Stored data:

————————

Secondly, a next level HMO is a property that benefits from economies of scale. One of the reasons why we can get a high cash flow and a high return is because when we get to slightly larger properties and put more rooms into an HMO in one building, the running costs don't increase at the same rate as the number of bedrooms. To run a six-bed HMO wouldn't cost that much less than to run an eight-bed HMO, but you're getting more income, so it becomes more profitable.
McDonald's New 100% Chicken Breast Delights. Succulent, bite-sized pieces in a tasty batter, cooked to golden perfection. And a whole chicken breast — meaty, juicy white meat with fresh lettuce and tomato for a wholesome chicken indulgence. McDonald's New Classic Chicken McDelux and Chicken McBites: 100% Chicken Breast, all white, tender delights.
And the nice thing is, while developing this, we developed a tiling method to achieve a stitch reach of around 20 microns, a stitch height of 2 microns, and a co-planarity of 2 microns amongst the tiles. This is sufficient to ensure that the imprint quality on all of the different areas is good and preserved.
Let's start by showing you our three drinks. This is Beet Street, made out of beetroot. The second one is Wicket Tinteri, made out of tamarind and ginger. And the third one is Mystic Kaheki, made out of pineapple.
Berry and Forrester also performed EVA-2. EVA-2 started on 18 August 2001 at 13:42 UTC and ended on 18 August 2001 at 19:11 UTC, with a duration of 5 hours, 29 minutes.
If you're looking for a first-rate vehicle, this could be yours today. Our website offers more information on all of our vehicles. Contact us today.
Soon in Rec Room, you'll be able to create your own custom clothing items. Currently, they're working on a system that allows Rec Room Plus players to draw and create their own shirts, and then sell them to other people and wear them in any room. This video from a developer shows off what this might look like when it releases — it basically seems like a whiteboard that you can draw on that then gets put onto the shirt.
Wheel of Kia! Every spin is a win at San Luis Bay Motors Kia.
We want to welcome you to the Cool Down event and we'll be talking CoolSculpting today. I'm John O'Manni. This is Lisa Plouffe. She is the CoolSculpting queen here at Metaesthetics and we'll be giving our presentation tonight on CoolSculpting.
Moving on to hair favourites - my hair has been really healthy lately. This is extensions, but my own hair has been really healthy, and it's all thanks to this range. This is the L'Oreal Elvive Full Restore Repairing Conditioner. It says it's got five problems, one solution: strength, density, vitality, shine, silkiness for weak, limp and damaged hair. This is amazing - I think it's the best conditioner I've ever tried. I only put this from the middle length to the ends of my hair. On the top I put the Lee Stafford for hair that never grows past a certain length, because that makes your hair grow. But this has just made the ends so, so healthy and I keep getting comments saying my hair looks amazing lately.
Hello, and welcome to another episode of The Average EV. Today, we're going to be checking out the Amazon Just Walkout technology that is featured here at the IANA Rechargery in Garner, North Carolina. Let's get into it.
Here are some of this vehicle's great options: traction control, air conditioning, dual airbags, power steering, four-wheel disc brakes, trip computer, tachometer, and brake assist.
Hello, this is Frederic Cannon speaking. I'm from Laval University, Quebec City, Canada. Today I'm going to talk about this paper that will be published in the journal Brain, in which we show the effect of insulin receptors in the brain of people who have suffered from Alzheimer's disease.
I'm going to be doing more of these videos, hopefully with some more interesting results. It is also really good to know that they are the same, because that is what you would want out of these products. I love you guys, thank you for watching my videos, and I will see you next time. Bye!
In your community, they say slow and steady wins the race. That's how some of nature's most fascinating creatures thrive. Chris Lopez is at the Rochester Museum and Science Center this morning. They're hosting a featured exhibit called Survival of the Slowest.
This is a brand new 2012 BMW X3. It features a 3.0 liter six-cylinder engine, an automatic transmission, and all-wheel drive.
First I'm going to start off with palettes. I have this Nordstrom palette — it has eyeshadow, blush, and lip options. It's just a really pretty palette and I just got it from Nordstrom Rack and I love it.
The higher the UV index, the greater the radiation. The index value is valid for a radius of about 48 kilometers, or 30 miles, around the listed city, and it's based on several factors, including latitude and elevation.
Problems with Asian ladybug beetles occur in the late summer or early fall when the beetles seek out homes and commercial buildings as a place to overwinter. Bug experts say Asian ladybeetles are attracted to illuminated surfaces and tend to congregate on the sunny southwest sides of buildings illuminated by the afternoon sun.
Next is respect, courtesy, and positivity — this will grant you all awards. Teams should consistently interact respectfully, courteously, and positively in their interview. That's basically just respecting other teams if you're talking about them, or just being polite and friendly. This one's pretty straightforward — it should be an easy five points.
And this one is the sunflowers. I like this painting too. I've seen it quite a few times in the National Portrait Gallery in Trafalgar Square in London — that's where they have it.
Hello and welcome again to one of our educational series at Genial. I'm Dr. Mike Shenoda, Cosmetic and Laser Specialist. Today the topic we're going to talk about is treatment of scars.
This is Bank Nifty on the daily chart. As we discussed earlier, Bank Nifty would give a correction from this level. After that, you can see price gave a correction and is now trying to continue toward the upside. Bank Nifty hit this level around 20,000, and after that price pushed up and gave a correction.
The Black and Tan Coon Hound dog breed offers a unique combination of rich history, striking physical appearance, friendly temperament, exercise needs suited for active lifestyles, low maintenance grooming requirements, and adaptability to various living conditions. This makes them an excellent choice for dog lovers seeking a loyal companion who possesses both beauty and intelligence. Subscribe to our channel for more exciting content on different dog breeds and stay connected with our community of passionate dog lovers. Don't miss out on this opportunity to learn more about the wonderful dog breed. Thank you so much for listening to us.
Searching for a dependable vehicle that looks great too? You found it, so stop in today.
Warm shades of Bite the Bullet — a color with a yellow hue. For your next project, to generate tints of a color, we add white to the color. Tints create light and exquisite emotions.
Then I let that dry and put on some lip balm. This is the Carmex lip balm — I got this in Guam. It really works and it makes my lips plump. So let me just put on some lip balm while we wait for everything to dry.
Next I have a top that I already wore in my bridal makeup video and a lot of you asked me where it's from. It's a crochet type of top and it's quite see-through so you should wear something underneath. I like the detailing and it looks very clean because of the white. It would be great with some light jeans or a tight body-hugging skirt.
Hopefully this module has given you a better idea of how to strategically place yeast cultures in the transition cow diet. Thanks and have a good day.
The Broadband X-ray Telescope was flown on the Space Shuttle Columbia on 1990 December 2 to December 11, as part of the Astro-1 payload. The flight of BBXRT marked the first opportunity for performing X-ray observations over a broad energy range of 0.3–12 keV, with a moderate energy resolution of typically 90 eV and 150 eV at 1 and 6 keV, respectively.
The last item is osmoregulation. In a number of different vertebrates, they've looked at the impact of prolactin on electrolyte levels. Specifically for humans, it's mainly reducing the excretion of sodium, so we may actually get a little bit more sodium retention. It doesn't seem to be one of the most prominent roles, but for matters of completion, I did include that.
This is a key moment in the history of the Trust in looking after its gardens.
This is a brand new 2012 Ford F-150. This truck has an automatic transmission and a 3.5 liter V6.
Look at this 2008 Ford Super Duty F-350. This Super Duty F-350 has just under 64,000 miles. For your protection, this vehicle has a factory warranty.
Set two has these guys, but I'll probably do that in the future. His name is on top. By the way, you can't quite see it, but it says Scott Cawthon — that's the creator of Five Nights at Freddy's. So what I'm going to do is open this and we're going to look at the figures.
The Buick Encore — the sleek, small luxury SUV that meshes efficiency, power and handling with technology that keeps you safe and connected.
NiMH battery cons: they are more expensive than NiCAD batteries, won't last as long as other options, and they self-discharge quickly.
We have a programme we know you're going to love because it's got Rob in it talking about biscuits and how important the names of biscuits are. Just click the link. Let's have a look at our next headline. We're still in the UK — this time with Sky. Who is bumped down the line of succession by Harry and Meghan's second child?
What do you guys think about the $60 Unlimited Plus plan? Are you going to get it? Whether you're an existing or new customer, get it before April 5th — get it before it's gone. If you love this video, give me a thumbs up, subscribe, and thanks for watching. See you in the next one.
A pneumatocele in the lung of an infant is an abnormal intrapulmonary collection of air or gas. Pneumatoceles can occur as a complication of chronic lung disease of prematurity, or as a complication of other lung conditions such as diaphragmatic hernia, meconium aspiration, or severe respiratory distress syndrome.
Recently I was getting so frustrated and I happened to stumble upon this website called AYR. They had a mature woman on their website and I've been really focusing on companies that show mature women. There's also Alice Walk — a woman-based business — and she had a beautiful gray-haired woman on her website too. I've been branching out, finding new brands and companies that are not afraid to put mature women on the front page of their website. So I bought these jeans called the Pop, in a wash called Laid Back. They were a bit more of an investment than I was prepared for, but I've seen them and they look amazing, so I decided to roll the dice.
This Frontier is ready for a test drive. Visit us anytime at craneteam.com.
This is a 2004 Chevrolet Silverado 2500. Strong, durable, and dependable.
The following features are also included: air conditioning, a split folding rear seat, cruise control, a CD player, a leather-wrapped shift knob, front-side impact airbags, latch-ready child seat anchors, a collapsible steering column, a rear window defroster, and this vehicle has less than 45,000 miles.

————————

- EXERCISE: The lines above from the one with "Berry and Forrester" through the one with "Moving on to" are to be duplicated exactly, ends included, with nothing added.

- RESPONSE TO THE EXERCISE:
Berry and Forrester also performed EVA-2. EVA-2 started on 18 August 2001 at 13:42 UTC and ended on 18 August 2001 at 19:11 UTC, with a duration of 5 hours, 29 minutes.
If you're looking for a first-rate vehicle, this could be yours today. Our website offers more information on all of our vehicles. Contact us today.
Soon in Rec Room, you'll be able to create your own custom clothing items. Currently, they're working on a system that allows Rec Room Plus players to draw and create their own shirts, and then sell them to other people and wear them in any room. This video from a developer shows off what this might look like when it releases — it basically seems like a whiteboard that you can draw on that then gets put onto the shirt.
Wheel of Kia! Every spin is a win at San Luis Bay Motors Kia.
We want to welcome you to the Cool Down event and we'll be talking CoolSculpting today. I'm John O'Manni. This is Lisa Plouffe. She is the CoolSculpting queen here at Metaesthetics and we'll be giving our presentation tonight on CoolSculpting.
Moving on to hair favourites - my hair has been really healthy lately. This is extensions, but my own hair has been really healthy, and it's all thanks to this range. This is the L'Oreal Elvive Full Restore Repairing Conditioner. It says it's got five problems, one solution: strength, density, vitality, shine, silkiness for weak, limp and damaged hair. This is amazing - I think it's the best conditioner I've ever tried. I only put this from the middle length to the ends of my hair. On the top I put the Lee Stafford for hair that never grows past a certain length, because that makes your hair grow. But this has just made the ends so, so healthy and I keep getting comments saying my hair looks amazing lately.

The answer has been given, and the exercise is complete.